- _WHAT IS NEEDED_
Pictures in the material below are to be left out, and only the lines from the line with "Bed in Hôtel de Charme Le Provence" up to and including the line with "Een ingelijste Lavendelbloemen" are to be written out exactly.

- _DATASET EXCERPTS_
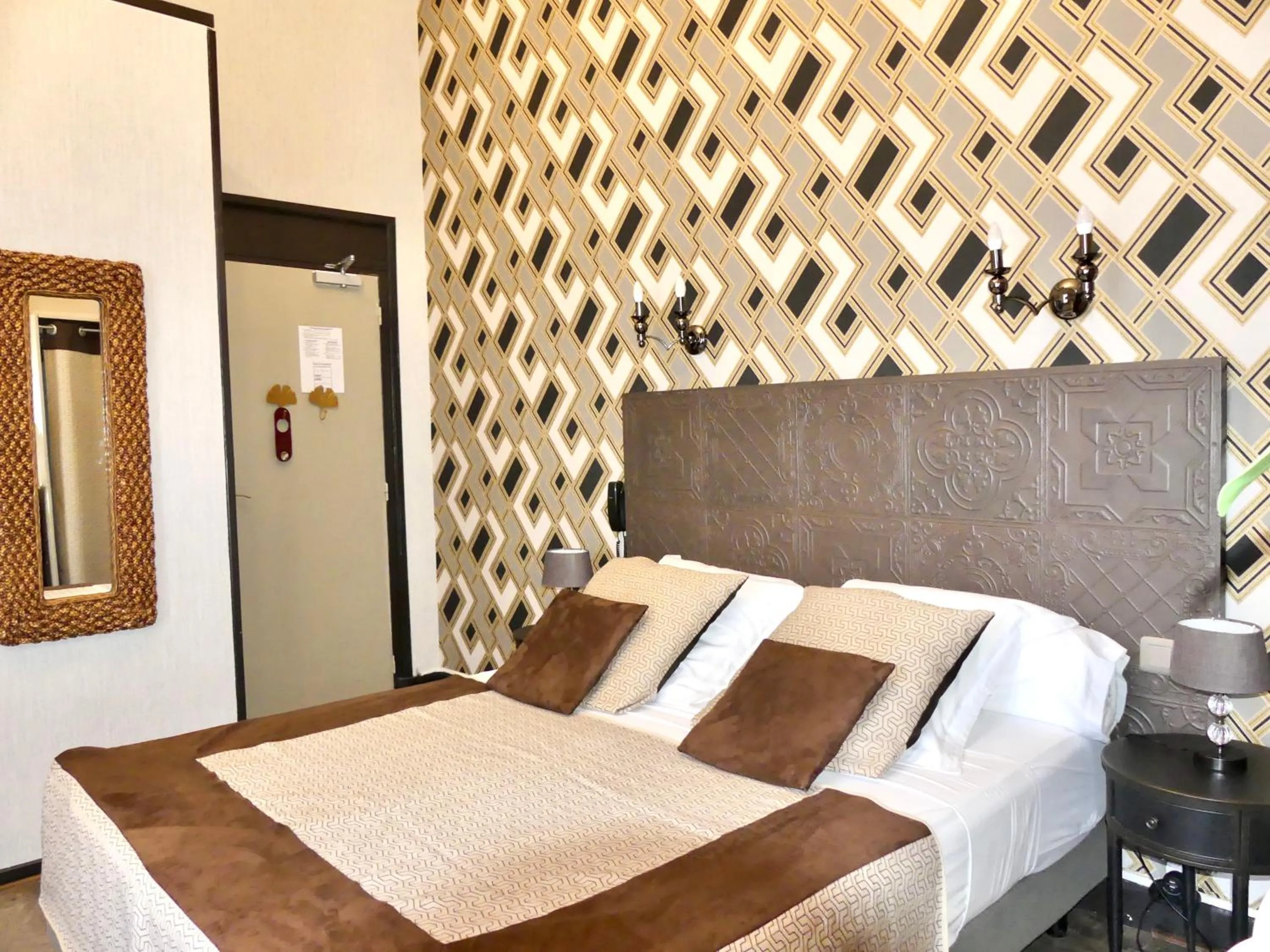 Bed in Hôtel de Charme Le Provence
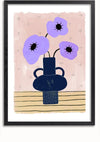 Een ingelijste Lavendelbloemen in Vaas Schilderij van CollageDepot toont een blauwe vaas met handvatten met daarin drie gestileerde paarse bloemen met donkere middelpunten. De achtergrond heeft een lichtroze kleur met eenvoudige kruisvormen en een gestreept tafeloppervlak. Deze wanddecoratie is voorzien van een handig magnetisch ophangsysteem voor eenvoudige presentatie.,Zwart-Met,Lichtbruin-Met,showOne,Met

...

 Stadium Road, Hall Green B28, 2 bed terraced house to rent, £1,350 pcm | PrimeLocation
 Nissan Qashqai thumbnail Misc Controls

...

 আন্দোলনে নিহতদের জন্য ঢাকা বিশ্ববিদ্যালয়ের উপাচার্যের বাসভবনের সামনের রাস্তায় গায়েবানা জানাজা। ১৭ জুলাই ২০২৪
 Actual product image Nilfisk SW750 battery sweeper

- _ANSWER AREA_
 Bed in Hôtel de Charme Le Provence
 Een ingelijste Lavendelbloemen in Vaas Schilderij van CollageDepot toont een blauwe vaas met handvatten met daarin drie gestileerde paarse bloemen met donkere middelpunten. De achtergrond heeft een lichtroze kleur met eenvoudige kruisvormen en een gestreept tafeloppervlak. Deze wanddecoratie is voorzien van een handig magnetisch ophangsysteem voor eenvoudige presentatie.,Zwart-Met,Lichtbruin-Met,showOne,Met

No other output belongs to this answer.